Why Libertarian Theophobia Is Misguided—Part IV 

Philip Vander Elst

      Philip Vander Elst is a British freelance author, journalist and lecturer. For many years he was editor of Freedom Today and has worked on the staff of the Centre for Policy Studies and the Institute of Economic Affairs. This is the fourth and concluding article in the series. These articles are from the pamphlet, “Libertarianism, A Christian Critique,” published by The Christian Institute.

            Libertarian theophobia is not only foolish because atheism is philosophically untenable; it is also misguided because it ignores the obvious implications of the discovery of God’s existence and nature.

            If reason, let alone revelation, tells us that we are the products of an infinitely good, loving, and powerful Creator, it means that we owe the gift of life to God. It means that our whole being, our whole capacity to think, and feel, and act, is dependent on God, who not only created all that exists, but sustains it in being. How, then, can we regard Him, or the very idea of Him, as tyrannical? How can we argue against God when He alone enables us to think and reason, and is the source of all our moral perceptions? How, given who God is, can He ever be in the wrong and we, somehow, in the right? The whole notion is surely absurd and pathetically presumptuous and arrogant.

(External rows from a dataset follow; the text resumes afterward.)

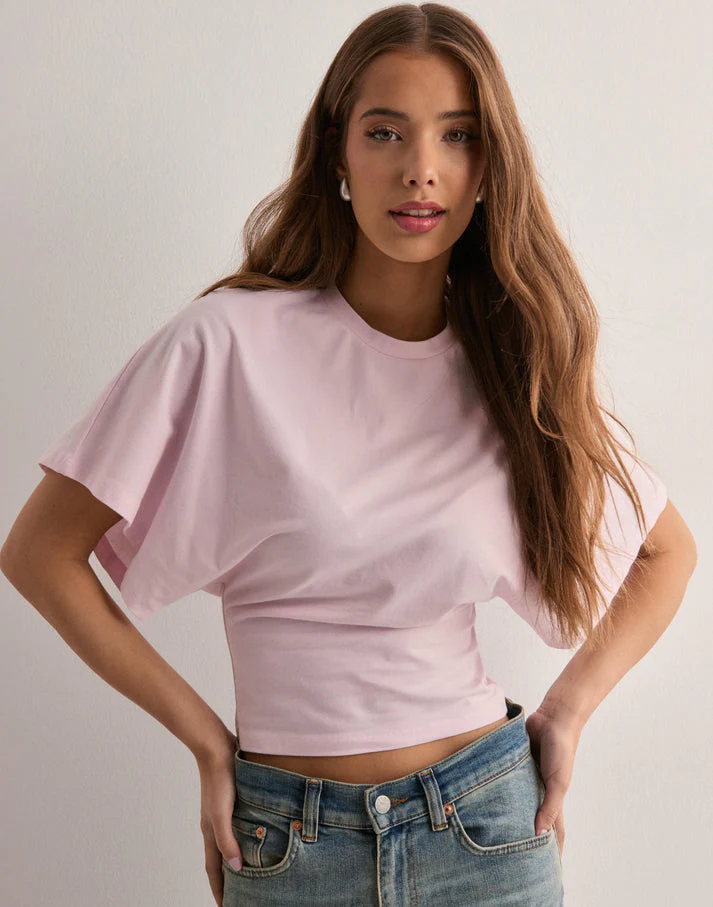 Tailored stretch T-shirt – Sculpted casual essential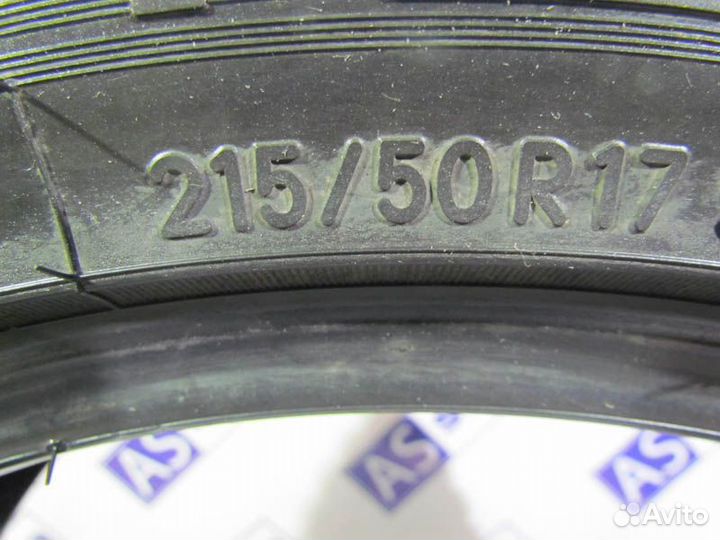 Nitto Therma Spike 215/50 R17 92N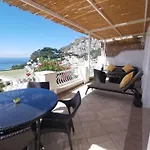La Panoramica Sea View Casa de Férias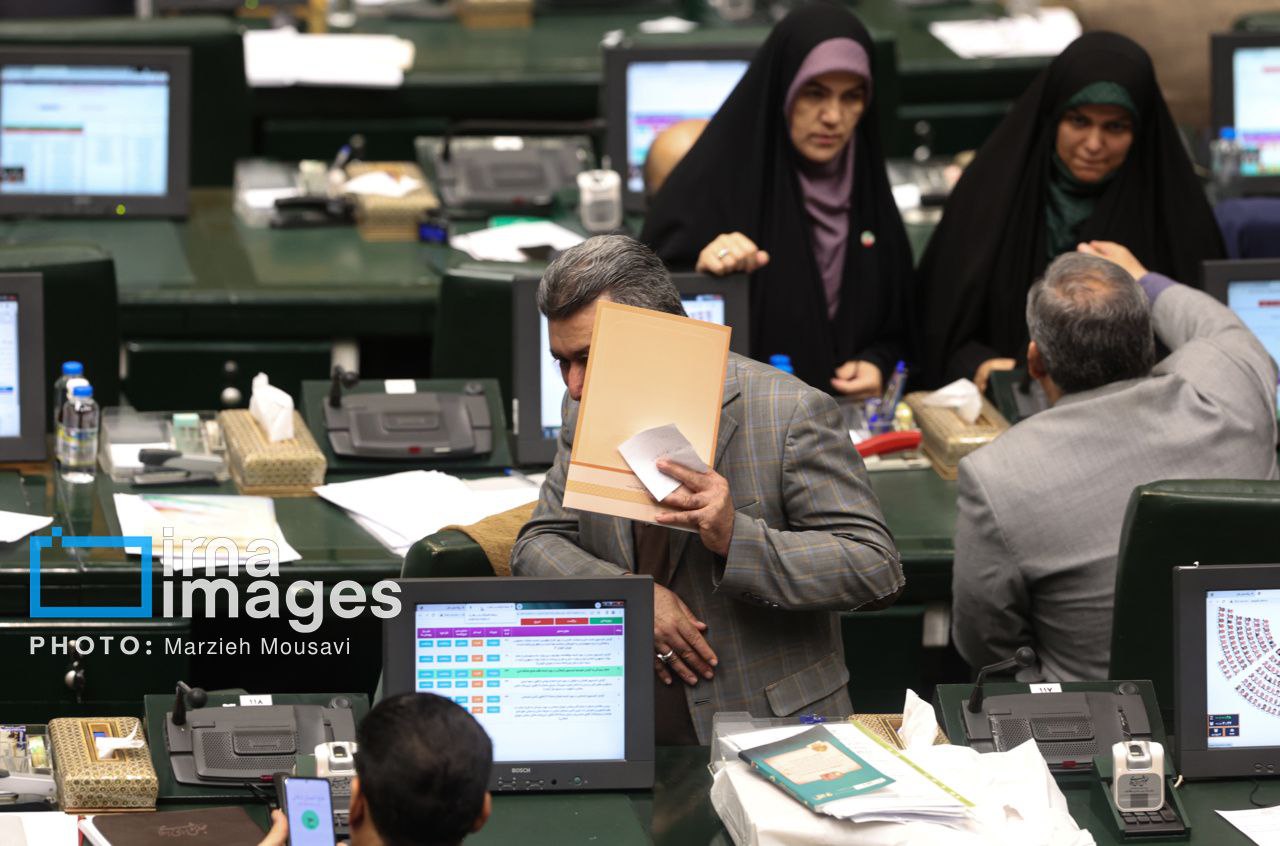 عکس/ جلسه علنی مجلس شورای اسلامی 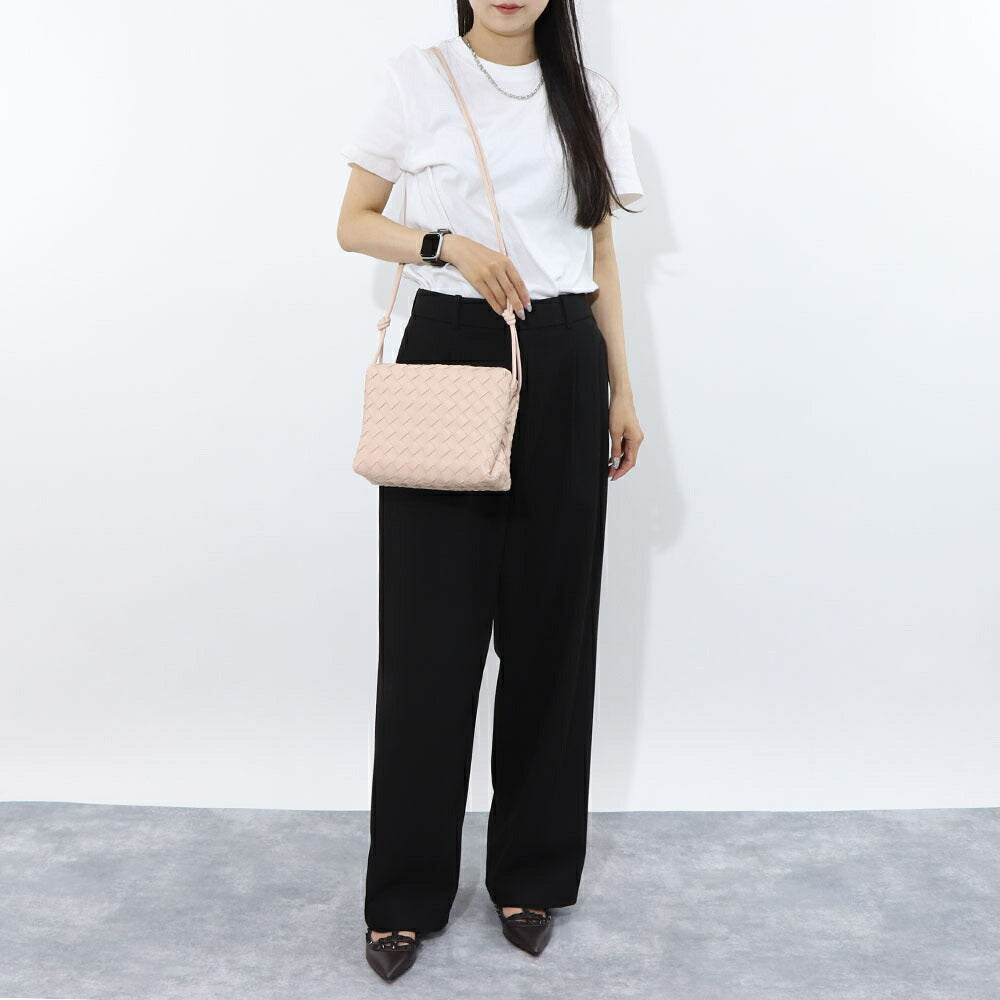 ボッテガ ヴェネタ BOTTEGA VENETA バッグ ショルダーバッグ レディース SMALL LOOP CAMERA BAG ピンクベージュ ラムスキン カーフレザー イントレチャート カメラバッグ ショルダーバッグ 723548 V1G11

            The truth is, if God is our Creator, to knowingly ignore or reject Him is to be like a plant that refuses to grow towards the sunlight. It is an act of ingratitude and supreme idiocy. If, on top of this, we subsequently reject His grace and forgiveness, it will separate us in eternity from the true source of all life, love, and joy.

            What, then, is the proper response to God, and how should this affect the way we think about liberty?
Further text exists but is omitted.